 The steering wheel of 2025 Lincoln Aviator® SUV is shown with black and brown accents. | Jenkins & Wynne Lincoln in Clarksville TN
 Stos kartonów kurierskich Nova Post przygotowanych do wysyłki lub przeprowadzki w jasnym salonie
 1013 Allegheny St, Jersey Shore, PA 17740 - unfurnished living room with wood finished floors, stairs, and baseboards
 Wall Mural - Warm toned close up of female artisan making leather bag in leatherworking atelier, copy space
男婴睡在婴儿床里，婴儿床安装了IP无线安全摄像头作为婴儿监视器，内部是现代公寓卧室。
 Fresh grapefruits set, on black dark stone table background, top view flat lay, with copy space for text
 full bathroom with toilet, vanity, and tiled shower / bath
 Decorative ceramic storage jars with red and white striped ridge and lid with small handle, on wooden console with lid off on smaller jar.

☆ ☆ ☆ ☆ ☆ ☆ ☆

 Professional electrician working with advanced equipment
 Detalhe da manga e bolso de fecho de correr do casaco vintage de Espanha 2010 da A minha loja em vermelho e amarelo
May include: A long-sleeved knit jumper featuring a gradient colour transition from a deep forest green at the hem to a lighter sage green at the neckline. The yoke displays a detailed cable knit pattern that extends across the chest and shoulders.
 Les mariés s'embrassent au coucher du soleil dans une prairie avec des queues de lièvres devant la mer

☆ ☆ ☆ ☆ ☆ ☆ ☆

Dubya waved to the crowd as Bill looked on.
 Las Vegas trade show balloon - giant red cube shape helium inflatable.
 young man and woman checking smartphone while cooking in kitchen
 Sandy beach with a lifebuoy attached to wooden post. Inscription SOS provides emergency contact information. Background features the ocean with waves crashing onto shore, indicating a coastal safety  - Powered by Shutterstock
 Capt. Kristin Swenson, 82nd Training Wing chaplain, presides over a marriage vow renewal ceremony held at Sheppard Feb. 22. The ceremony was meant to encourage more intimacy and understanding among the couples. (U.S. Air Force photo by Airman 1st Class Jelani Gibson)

☆ ☆ ☆ ☆ ☆ ☆ ☆

Task goal: Scan the records above for the lines holding "Stos kartonów kurierskich" and "Fresh grapefruits set, on". Transcribe those two and every line between them word for word, and no others.

Answer box:
 Stos kartonów kurierskich Nova Post przygotowanych do wysyłki lub przeprowadzki w jasnym salonie
 1013 Allegheny St, Jersey Shore, PA 17740 - unfurnished living room with wood finished floors, stairs, and baseboards
 Wall Mural - Warm toned close up of female artisan making leather bag in leatherworking atelier, copy space
男婴睡在婴儿床里，婴儿床安装了IP无线安全摄像头作为婴儿监视器，内部是现代公寓卧室。
 Fresh grapefruits set, on black dark stone table background, top view flat lay, with copy space for text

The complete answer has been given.